SINN FÉIN president Gerry Adams admitted yesterday he was not yet fully briefed on local issues in the Louth constituency in which he plans to contest the next general election.
Speaking in Drogheda, he said he could not be expected to know everything at this point.
“I will learn all of that, I will be briefed up on all of that. I could tell you how the grass grows in west Belfast and if I didn’t know, I know people who do know,” he said.
Mr Adams said at the weekend he would seek the Sinn Féin nomination in the constituency, following the announcement by the party’s sitting TD Arthur Morgan that he would not seek re-election.
The party president denied yesterday he had been parachuted in over the head of the expected candidate, Cllr Tomás Sharkey.
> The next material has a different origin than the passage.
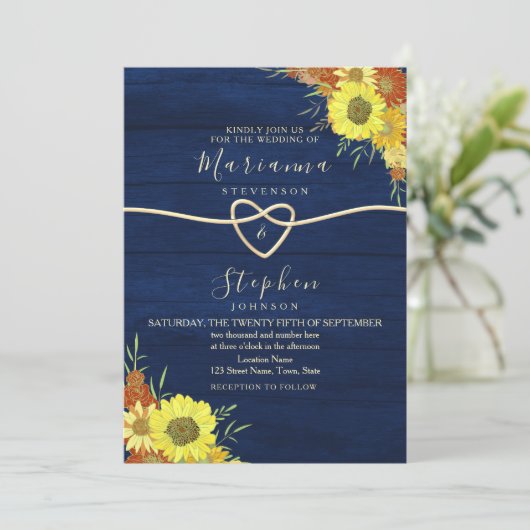 Sunflower Rustic Navy Blue Wedding Kaart (Staand voorkant)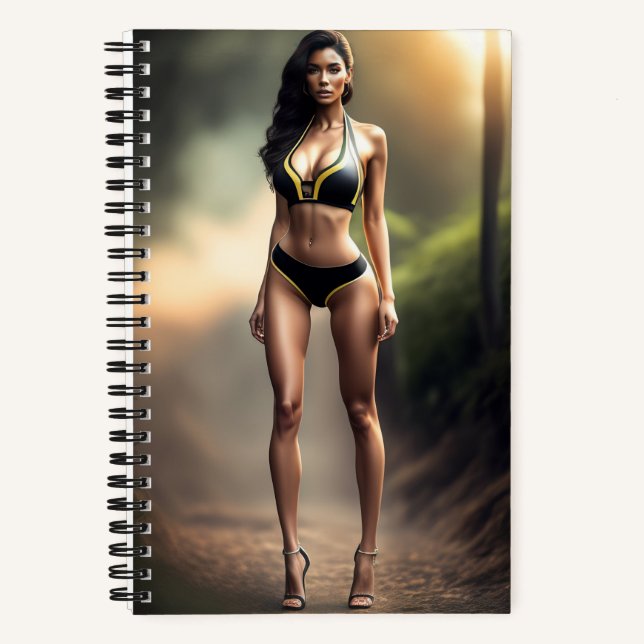 Fille portant en Carnet bikini noir (Recto)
He said the idea he should stand for the Dáil in Louth had come from within the constituency.
Mr Sharkey was the party’s candidate for Ireland East in last year’s European elections and was believed to be the next general election candidate in waiting.
Mr Adams said yesterday he had the support of both Mr Sharkey and Mr Morgan and they joined him as he walked through Drogheda and Dundalk.
“I am a team player [and] I have built teams wherever I go . . . The idea for me to stand . . . came from within the constituency. If you elbow yourself in somewhere you create havoc and it doesn’t help the party.” He said he had “huge admiration and respect for Tomás and I see him as one of our up and coming leaders”.